And Now that I Am

Its hard enough raising a child who is born wanted by two parents, surrounded by family and friends who are in harmony, have the resources, will, maturity, and the time, living in a society at peace, with a history of social justice, tolerance and inclusion. *Its hard enough* If that scenario ever exists.

Now strip all that away. Add pain, fear, loneliness, lack of resources, housing insecurity, income insecurity, no history to recall on to find hope, no one to call at all. Knowing your baby, the one you had no choice but to bare and birth, was just excuse for that society to further grind you down to being nothing. You and your baby. Just in case there was a slim chance of you reaching towards a fair share of what is good.

And now think of the crying. A mind, body and if there is a soul, that too, being stretched to the limits of existence while a tiny developing brain wraps itself around continuous want and neglect, sucking on the dry teat of hypocrisy, of an ideology that used your abstract beginnings for its politics. If this brain develops enough to speak it can only say:

“I was not and then I was, but only as part of your agenda. AND NOW THAT I AM I am NOT WANTED. not really, you BUY ME nothing more than A GUN.”

There are worse things than terminating a pregnancy. Everyone knows it. We come closer to caring for each other when we give access to safe abortions to those who need them.

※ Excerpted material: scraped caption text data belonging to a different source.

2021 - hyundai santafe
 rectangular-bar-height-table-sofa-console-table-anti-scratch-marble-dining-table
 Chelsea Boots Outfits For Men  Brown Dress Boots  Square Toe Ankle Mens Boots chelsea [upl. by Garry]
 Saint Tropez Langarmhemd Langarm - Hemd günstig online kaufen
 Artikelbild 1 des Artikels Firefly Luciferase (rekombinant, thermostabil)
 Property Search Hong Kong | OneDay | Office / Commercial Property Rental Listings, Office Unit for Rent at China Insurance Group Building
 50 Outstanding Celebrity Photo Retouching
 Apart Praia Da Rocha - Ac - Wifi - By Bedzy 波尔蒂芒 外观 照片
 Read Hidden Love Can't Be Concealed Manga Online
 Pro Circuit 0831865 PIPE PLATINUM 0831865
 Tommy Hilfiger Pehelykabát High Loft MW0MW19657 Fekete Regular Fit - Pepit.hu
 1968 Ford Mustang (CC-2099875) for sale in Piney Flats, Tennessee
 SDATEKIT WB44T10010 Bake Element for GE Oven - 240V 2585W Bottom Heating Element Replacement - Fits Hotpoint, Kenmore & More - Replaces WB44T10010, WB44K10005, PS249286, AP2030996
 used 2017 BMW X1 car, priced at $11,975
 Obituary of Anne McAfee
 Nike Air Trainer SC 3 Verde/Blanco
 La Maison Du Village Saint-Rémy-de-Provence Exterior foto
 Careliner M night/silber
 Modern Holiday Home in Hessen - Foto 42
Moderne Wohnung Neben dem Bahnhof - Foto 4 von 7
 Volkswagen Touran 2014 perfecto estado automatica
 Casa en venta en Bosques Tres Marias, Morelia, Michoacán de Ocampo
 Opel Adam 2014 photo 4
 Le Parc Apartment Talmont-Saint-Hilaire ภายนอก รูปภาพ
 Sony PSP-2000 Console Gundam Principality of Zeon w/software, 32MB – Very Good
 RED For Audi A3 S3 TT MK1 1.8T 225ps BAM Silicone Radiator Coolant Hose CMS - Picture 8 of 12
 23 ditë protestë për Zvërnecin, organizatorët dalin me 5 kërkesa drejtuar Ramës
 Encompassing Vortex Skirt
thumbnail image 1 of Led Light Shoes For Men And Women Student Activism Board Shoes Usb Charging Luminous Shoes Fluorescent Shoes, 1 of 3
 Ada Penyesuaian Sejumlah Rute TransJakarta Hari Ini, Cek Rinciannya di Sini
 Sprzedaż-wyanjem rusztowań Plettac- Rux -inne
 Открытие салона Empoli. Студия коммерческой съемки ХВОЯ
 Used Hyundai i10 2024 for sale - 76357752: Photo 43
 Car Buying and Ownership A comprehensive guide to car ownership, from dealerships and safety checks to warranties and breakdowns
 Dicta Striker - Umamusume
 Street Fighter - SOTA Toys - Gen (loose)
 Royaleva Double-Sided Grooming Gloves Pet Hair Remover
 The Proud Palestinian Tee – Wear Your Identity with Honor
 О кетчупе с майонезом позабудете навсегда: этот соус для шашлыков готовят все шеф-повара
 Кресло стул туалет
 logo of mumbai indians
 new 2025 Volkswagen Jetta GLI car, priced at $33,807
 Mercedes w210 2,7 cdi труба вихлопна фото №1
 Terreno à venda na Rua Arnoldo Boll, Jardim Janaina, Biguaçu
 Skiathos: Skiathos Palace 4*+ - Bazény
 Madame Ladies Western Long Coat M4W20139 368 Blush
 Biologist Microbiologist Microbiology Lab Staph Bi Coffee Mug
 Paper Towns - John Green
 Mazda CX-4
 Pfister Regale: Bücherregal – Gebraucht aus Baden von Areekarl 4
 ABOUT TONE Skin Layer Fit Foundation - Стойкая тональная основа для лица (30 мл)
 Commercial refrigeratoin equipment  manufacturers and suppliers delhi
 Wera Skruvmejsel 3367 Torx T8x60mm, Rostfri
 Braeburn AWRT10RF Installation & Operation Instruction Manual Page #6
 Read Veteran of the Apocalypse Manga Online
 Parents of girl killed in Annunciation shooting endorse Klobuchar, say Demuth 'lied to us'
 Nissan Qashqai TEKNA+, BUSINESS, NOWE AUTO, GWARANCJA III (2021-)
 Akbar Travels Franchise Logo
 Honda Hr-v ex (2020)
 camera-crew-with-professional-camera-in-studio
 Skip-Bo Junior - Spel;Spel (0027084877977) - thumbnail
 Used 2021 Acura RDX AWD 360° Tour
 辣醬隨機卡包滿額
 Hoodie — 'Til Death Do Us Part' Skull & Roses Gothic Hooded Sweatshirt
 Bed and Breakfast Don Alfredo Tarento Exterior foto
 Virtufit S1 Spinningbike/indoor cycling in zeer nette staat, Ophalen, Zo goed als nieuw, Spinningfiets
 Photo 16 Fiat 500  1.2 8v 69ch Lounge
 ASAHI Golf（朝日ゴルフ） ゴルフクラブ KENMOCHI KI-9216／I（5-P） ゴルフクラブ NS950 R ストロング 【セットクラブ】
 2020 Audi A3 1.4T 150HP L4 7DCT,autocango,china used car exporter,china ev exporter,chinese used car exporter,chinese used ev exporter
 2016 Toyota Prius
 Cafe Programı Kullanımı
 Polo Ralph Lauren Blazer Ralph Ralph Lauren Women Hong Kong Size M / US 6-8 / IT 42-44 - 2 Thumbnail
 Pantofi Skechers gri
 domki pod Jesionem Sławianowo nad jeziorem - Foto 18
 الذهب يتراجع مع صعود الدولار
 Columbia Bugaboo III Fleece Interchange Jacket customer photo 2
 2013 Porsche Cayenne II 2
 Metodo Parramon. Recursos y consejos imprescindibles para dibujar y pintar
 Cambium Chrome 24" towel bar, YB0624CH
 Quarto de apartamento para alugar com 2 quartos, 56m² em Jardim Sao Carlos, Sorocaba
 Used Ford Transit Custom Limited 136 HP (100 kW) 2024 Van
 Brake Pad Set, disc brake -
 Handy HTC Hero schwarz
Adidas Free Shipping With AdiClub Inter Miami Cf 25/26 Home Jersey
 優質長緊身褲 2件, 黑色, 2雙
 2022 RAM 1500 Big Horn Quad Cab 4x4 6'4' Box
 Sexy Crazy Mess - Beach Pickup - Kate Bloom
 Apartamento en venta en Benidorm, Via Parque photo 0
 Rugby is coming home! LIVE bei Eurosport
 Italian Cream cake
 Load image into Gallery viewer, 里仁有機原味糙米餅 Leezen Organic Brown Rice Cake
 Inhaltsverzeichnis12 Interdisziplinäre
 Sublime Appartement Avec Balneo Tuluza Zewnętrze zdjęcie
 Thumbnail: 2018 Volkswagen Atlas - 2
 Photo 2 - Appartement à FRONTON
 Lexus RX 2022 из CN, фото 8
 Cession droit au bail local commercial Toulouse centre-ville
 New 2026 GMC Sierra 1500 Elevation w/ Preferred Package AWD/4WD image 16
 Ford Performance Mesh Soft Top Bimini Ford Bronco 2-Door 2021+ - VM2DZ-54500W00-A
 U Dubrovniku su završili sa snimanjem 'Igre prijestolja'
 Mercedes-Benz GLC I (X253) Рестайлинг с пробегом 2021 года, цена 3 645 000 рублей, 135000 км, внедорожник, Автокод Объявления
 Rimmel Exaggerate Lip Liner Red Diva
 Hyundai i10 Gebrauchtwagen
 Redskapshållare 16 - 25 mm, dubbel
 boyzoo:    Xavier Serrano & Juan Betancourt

It’s Going to be Uncomfortable Not Impossible.

And is that going to be what decides how we respond to the challenges we face? I worry that we are getting tired and want comfort above all.

I’m tired.  But I am also clear eyed. Some where recently I read, when we are uncertain of the future, take smaller steps. The truth is we are always uncertain of the future. If someone tells you they know what it holds be clear enough to see their self-delusion before you make it your own.

I take smaller steps because I am older, my knees are bad and I am not as fast as I was in catching myself from a fall, but I am clear eyed and I am accustomed to what is uncomfortable. I also have a history of what seemed impossible becoming possible.

I have an idea of what the world can be because I have known love, I have witnessed courage.  So my small steps remain on a path towards a world we can live in because it’s possible.

I am ashamed. But not paralyzed.

I owe a lot to many black people. In the last century, the one I grew up in, some of the greatest writers, activists and leaders, political, artistic and religious, came up against the odds and made us better as a species. Made me a better person.

It hurts to learn how black people have suffered and continue to suffer in ways I can barely comprehend.

Sure I had my troubles, I had to learn to swim hard but it wasn’t always against the current day after day. And I was so ignorant that at times I thought myself better, stronger and braver than I really was. I really was not aware how my white skin was the current carrying me.

So it hurts and some of that hurt is shame.

And that’s okay. Being ashamed of privilege is point of attention. As humans we should always be thankful for these reminders to pay attention.

It’s how we learn to live in a world worth living in.

Awareness is always an opportunity. When you see this you can see that it is continually arising As Your Life.

And all fabrications will wear out.
There is no separation between self and other that is not a fabrication. All separation is a lie, a covering, an obscuring of the essential truth.

So what are we humans to do?

Don’t hide in a comfy nest of made up stories of us and them. Answer all suffering with compassion and continue to practice. Do what ever you can when you see an opportunity to end suffering.

Easy huh?

The Value of Letting Go

There is a difference between “JUST GET OVER IT!” and letting it go. It’s weird but one is a problem and the other is a strategy.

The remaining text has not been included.